Tarihe bir göz atarsak, Kanal İstanbul fikri 2011'de gündeme gelmişti; Cumhurbaşkanı Recep Tayyip Erdoğan'ın vizyonu olarak sunulan bu proje, Boğaz trafiğini rahatlatmayı vaat ediyordu. Ancak çevre örgütleri ve uzmanlar yıllardır uyarıyor: Proje, İstanbul'un su havzalarını yok edecek, deprem riskini artıracak ve ekosistemi mahvedecek. Sazlıdere Barajı, özellikle 750 bin kişiye içme suyu sağlayan hayati bir kaynak. Nisan 2025'te başlayan TOKİ inşaatları, bu havzayı doğrudan tehdit ediyor. DSİ'nin barajı içme suyu havzası olmaktan çıkarma kararı, tartışmaları alevlendirmişti. Nisan'da İSKİ'nin yıkım tebligatı göndermesiyle gerilim zirveye çıkmış, hatta bazı raporlara göre İSKİ yetkililerine yönelik soruşturmalar bile başlamış. Ağustos'a gelindiğinde, Arnavutköy'deki üç TOKİ projesi 12 bin konuta ulaşmış, yapılaşma itirazlara rağmen hız kesmemiş.
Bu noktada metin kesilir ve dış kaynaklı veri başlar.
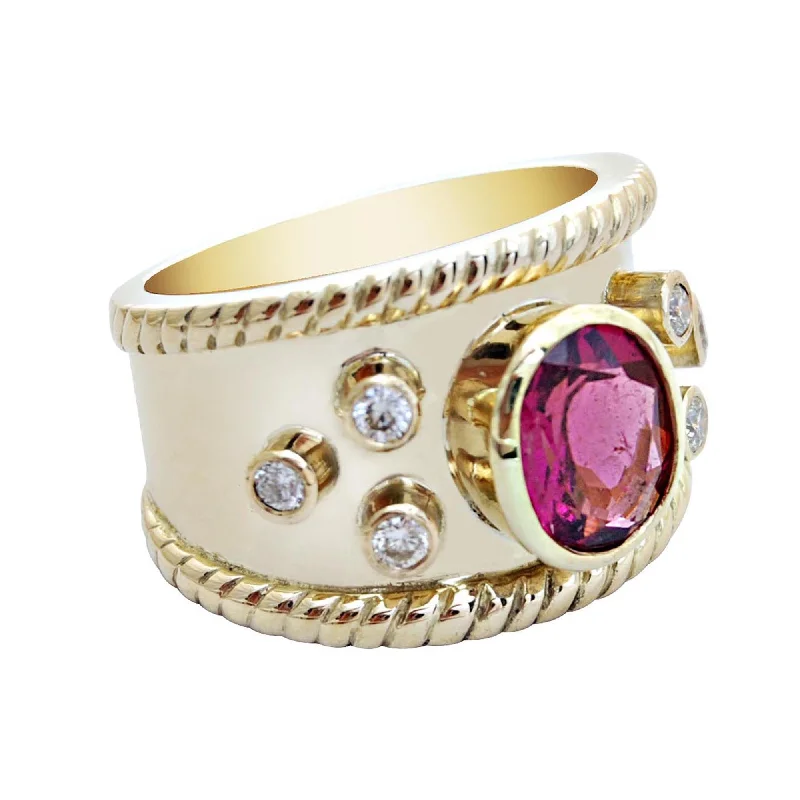 Ladies rings with wave designs -Ring-Rubellite and Diamond  (1745N)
Şimdi ise durum daha da kritik. Çevre, Şehircilik ve İklim Değişikliği Bakanlığı, TOKİ ve DSİ yetkilileri defalarca toplanmış, ancak kaçak statüsü nedeniyle somut bir çözüm üretilememiş. İSKİ'den gelen net uyarılar var: "Kaçak yapılara hizmet verirsek suç işleriz. Temiz su hatlarımıza müdahale ederlerse, binlerce mahalle susuz kalır – bu, yeni bir kriz doğurur. Atık su için kanalizasyon hatlarına dokunmak ise tamamen imkansız." Bu sözler, bir domino etkisini işaret ediyor; eğer bağlantılar zorla yapılırsa, mevcut su şebekesi çökebilir, mahalleler susuz kalabilir. Yeni arıtma tesisi için ihaleler çıksa bile, tamamlanması en az bir-iki yıl alır. Projenin bazı etaplarının yıl sonuna kadar bitirileceği iddiaları dolaşıyor, ama altyapı olmadan bu konutlar nasıl yaşanabilir hale gelecek?
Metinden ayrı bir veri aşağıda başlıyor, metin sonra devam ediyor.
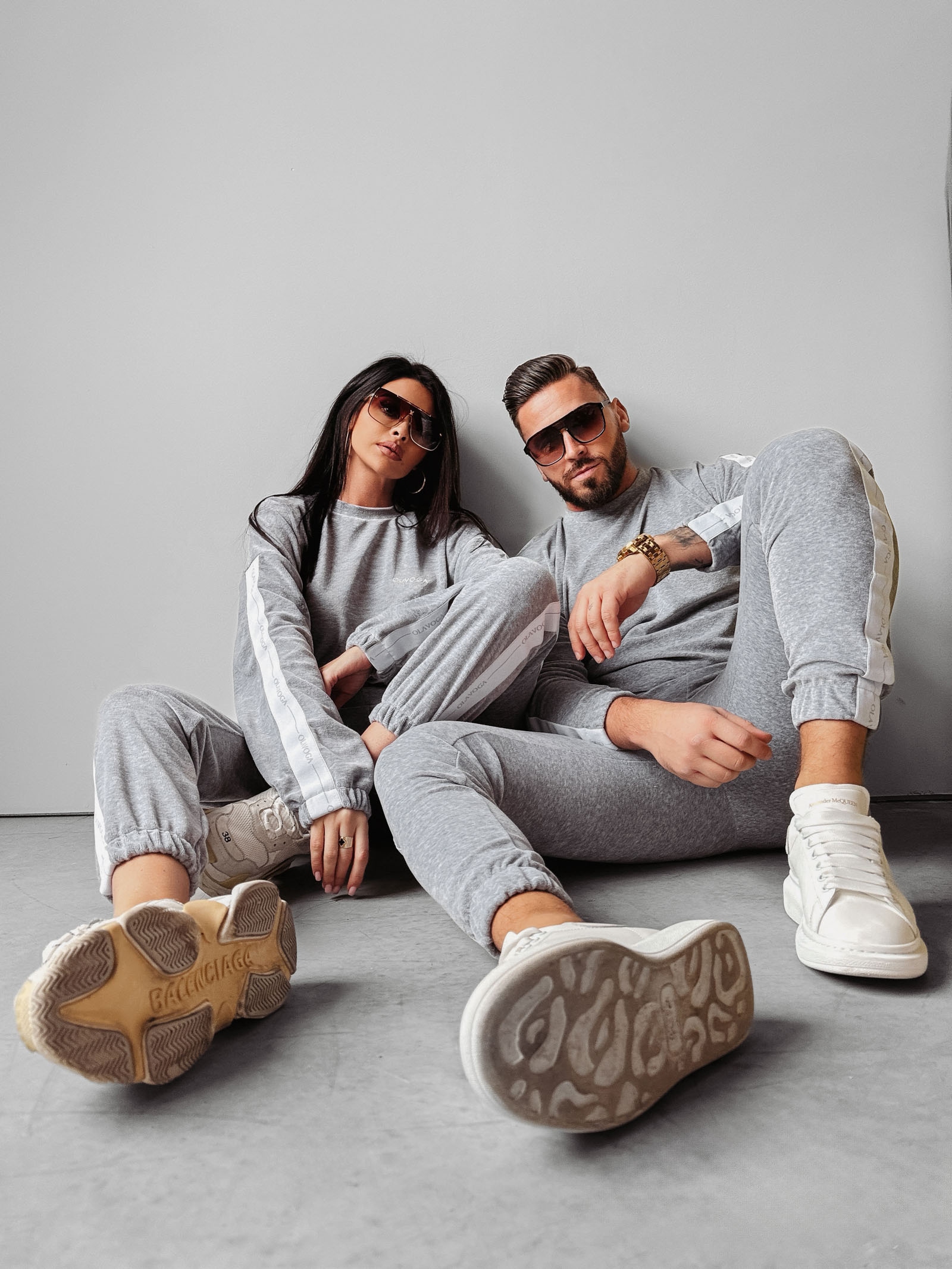 Komplet męski welurowy Ravi Ola Voga j.szary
Geleceğe dair yorumum: Bu inşaatlar, İstanbul'un su krizini derinleştirecek bir felakete dönüşebilir. Şehir zaten kuraklık ve nüfus artışı baskısı altında; Sazlıdere'nin kaybı, Melen Çayı gibi alternatif kaynaklara bağımlılığı artıracak. Eğer hükümet yasal engelleri aşmak için yeni düzenlemeler getirirse –ki mahkeme kararları bunu işaret ediyor– 75 bin konutluk bir semt, altyapısız bir hayalet şehir gibi yükselecek. Çevre aktivistleri ve muhalif sesler, "Ya Kanal ya İstanbul" sloganıyla direniyor, ancak betonun hızı her şeyi gölgeliyor. Bu proje, sadece bir inşaat değil; şehrin geleceğini belirleyecek bir kumar. Susuz bir İstanbul'u hayal etmek bile ürpertici – peki ya gerçek olursa?
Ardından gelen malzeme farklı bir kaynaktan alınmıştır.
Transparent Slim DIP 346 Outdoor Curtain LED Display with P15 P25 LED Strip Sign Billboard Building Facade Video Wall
Bu drama, daha da büyüyecek gibi. TOKİ'nin hızı, İSKİ'nin direnci ve mahkemelerin kararları arasında sıkışan süreç, her an yeni bir gelişmeye gebe. İnşaatlar yükselirken, İstanbul'un su damlaları azalıyor. Bu binalar tamamlandığında, kentin kaderi ne olacak? Heyecanla bekliyoruz, ama umarım felaket değil, çözüm getirir.